What is success to me?
It is an important question, because unless I know and I am clear on what is success for me personally, then how will I be able to achieve it? It is not possible. I will instead chase mirages, success as defined and seen by others, and not live according to my self-honesty.
The question has arisen within me due to reactions that have come up within when I am confronted with friends, acquaintances, that I feel have begun to climb the ladder of success, and that has achieved positions of high stature. It could also be that they have achieved fame or notoriety in some other way. The reaction is still the same, it is that of jealousy and fear. Jealousy that I have not achieved their position, and fear that I might have wasted/missed my opportunities to place myself in such a successful point.
Thus, the fascinating thing is that my desire is not directed towards achieving their position from a point of wanting to have their experience, as could be the case if someone has a job that I would like and find interesting. My desire more has to do with gaining the position in order to impress upon and show others that I have been able to achieve such a position/standing of success. That is what it is all about, wanting the positive attention that I perceive someone is receiving in the particular position.
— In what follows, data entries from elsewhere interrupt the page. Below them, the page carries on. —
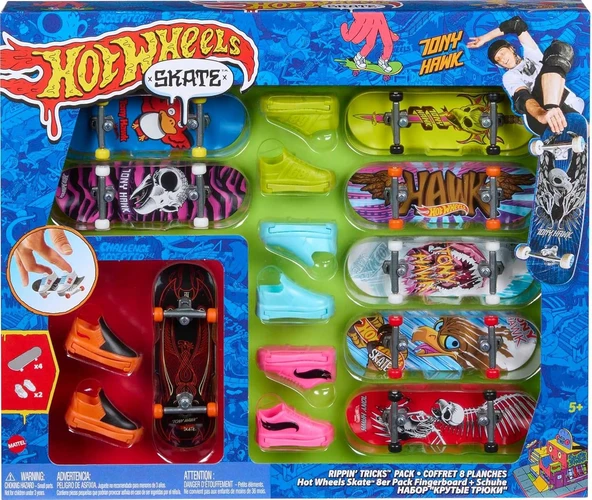 Hot Wheels Skate Rippin' Tricks Pack - 8 Parmak Tahtası Ve 4 Çift Kaykay Ayakkabısı, Tony Hawk'Tan I ürün görseli 1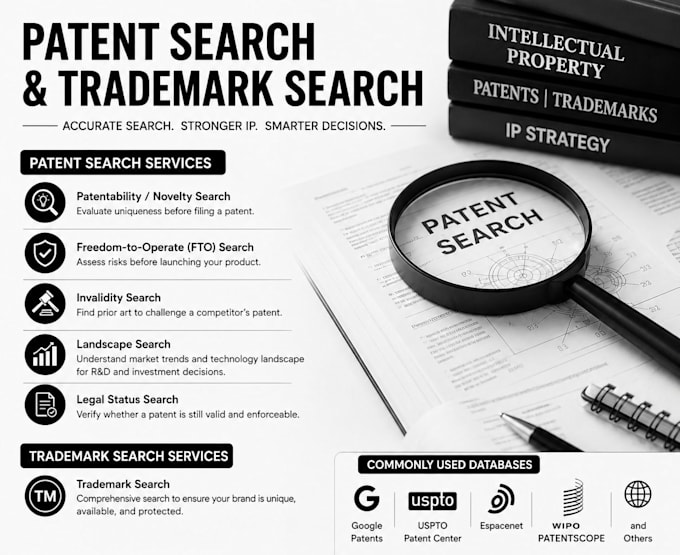 do US, UK, and australia trademark, and patent search and filing
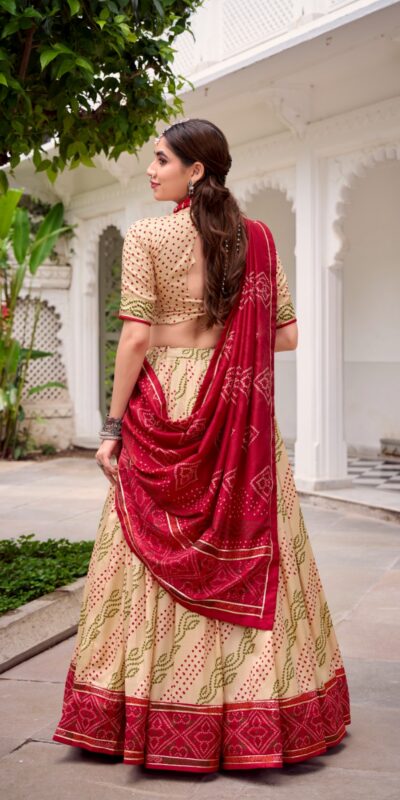 LNB 1250 Off White Color Tasar Silk Bandhej Print With Gotta Patti Lace Lehenga Choli Festive Party Wedding, Events etc. Delivery 4-6 Working Days @2149/- | Bollywood Lehenga, Creative Lehenga, Designer Lehenga, Embroidered Lehenga, Lehenga, Party Wear Lehenga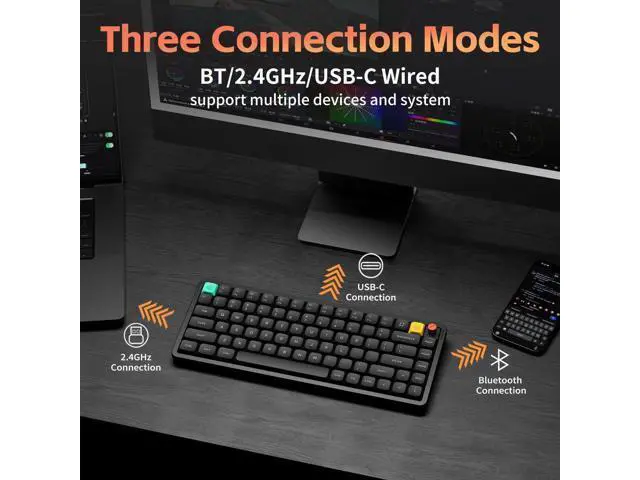 Alt view image 3 of 7 - Air75 V3 Hot Swappable Wireless Mechanical Keyboard, 84 Keys 75% Custom Low Profile Keyboard with Knob, RGB Backlit, Gasket Mounted, Support Bluetooth/2.4GHz/USB-C,Black-Red Nano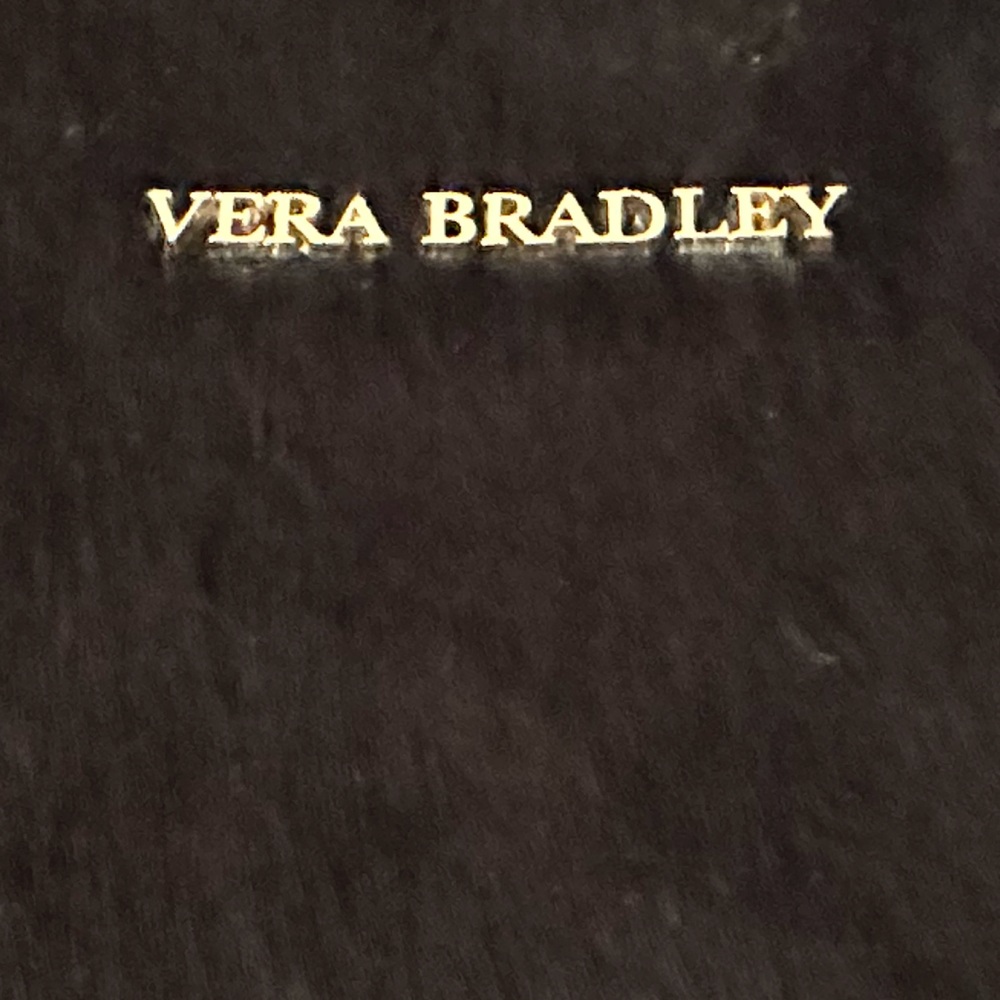 RARE~Vera Bradley Black Cowhide Leather Handbag - Picture 12 of 12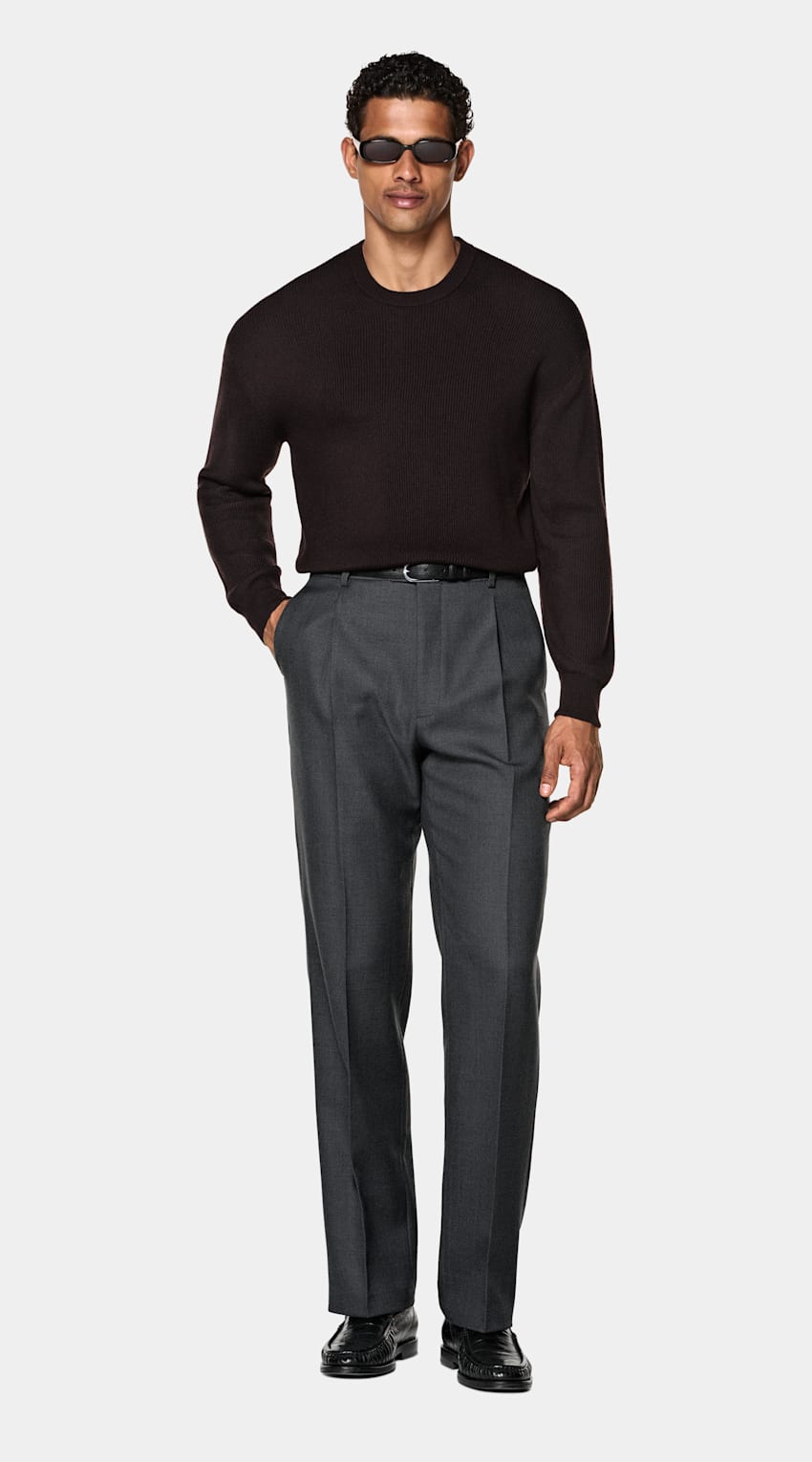 SUITSUPPLY Pure Wool Dark Purple Ribbed Merino Crewneck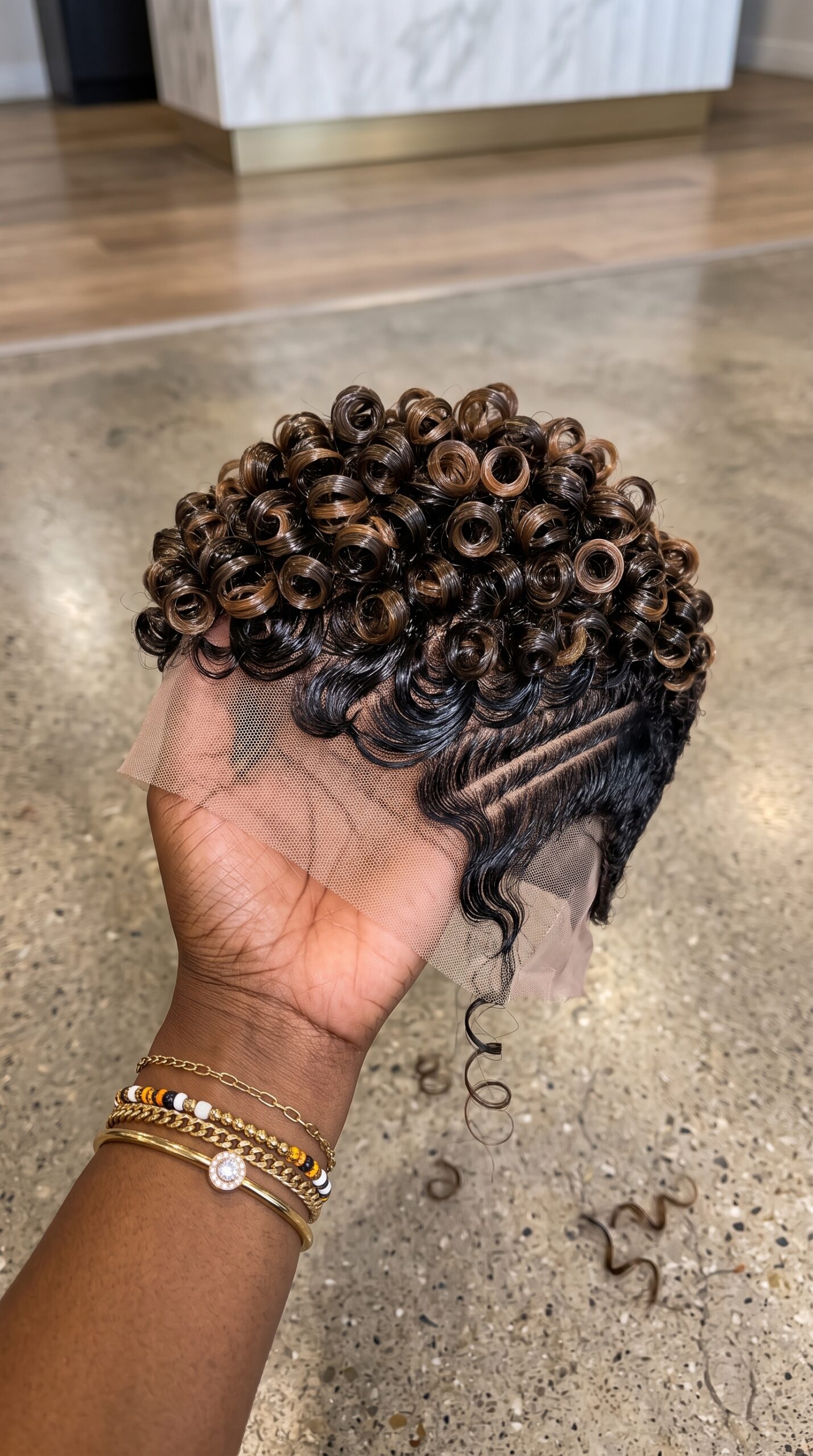 Honey-Caramel Ringlet Highlights Transform The Dimension Of A Carved Pixie Unit #AfricanTrendyFashionSC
In analyzing this desire/jealousy and bringing it back to myself, I can conclude that I would not have experienced jealousy/desire if I would have felt that I am receiving a sufficient amount of attention/validation/confirmation in my current position. That begs the question, why is it that I feel I need my success/live/movement in this world to be validated by others? That is in-fact a serious limitation, as I will continuously only pursue that which I suspect I will be able to get my validation and attention. And when those things have subsided, I will drop my venture, and yet again go searching for a way to achieve the attention/validation/respect I feel that I deserve. I have played this loop out a couple of times.
The solution is to define my own success and to practice validating myself – to stop myself from comparing my life – what I do – my skills – my future – to that of others – as it will only ever cause me to go astray and miss what is important to me – what is my success. And there will obviously still be the temptation to continue in old tracks. Though it is clear that when I am constantly looking out there at what everyone else is doing, then how will I ever be able to focus at what I am doing? How will I be able to focus at where I want to go, what I want to do? It is not possible – hence the importance of letting others do what they are doing, and developing within me the skill of validating and recognizing myself.
What is success to me?
To me success is to care for myself and others. It is to choose a direction in life based on where I am able to best support myself and others to be the best they can be. Success to me is also to challenge the status quo and to contribute to a change in how the system operates. Further, it is a success for me to dedicate myself to my process of self-creation – to stick to this process, to continue to develop myself, to expand, to move and to walk it until it is done.
When I live these words in my life – that is success to me.